Everything. That’s what I remember most about you, Dad. Every. Little. Thing.
The sound your cowboy boots made as you walked across the floor. Strong, steady, purposeful footsteps. You were not a man who treaded lightly.
The smell of your leather jacket, and the Vitalis you used to slick back your hair. You always kept a comb in your pocket, and a clean hankerchief just in case I needed to blow my nose.
The endless cups of coffee. “Just black,” you’d tell the waitress. Real men didn’t need cream and sugar.
The smell of fresh sawn wood, and the piles of wood shavings on the floor of your shop. The square carpenter’s pencil tucked behind your ear. Cans of Watco oil and turpentine on the shelf, and squares of sandpaper.
Countless fishing trips on Siltcoos., and the methodical, careful technique you used to clean a fish. The way you put a worm on my line and told me to “keep an eye” on my red and white bobber.
The unique slant of your handwriting, and the notes you wrote me.
Singing “Bill Grogan’s Goat” while you played the guitar. Sometimes Mom would join in on the accordion and we’d have a family sing-a-long. I always loved to hear you sing.
The way you always grabbed a toothpick and cleaned your teeth after a meal.
Saturday morning wrestling and tickling matches, you on one team and Wes and me on the other. You always won, and we were glad.
French toast breakfasts. Split pea soup with ham hocks. Penuche in a pan lined with wax paper and scored with a knife. Bacon gravy. You were a marvelous cook, but you sure made a mess in the kitchen.
Having lunch together every Thursday throughout my high school years. Every single Thursday, because I was that important to you. You picked me up in front of my school in your big boat of a car and off we’d go to the Black Angus. Or Brails. Or the Treehouse. You’d ask me about my life, and you’d listen. Oh, what a marvelous listener you were, always. “Hmmm,” you’d say, with rapt attention. “That’s fascinating. Tell me more.” And I would.
The way you introduced Wes and me to your associates and clients, and anyone else we’d meet. You were proud to be our dad. Not just anybody’s dad, but OUR dad.
The stories you’d tell. Stories full of humor, family history, and moral lessons. Stories about Paul the Apostle and the wisdom of Solomen. Stories about your mom and dad and your dog, collecting cascara bark for extra money as a boy and the only time you ever cheated, how you met my mother … I never tired of hearing you talk.
The way you loved Mom, and the oneness of the two of you.
You were stern sometimes, and serious. I always knew when you meant business. So did everyone else. I feared your anger, and your disappointment. And I craved your approval.
You knew your shortcomings and faults, and you never made excuses. You had regrets. You made amends.
You were The Great Encourager, the man who saw possibility and potential in everything and everyone. You believed in people, and you told them so. You knew your own strengths and were confident in your capabilities, and you instilled confidence in others.

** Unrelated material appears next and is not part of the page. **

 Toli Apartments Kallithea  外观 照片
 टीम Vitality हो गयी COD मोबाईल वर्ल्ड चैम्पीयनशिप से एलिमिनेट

You led with humility. You were true.
You made people feel safe.
On this seventeenth anniversary of your death, I find that some memories remain fresh and others have faded. I can still hear your voice and your chuckle. I can close my eyes and still feel the strength and comfort of your presence. There was a time when I could not imagine a world without you in it or how I would navigate without you as my compass. The grief of those early years has mercifully receded and the abyss created by your passing does not seem so great as it once did. Except for those moments when it does.
“Grieve for me however you must,” you told me. “But then move on.” You didn’t want a marker. And so each year, on this day, in the quiet of my heart, I breathe these words in memory of you:
There once was a man who walked humbly with God. He was my dad, and I am grateful.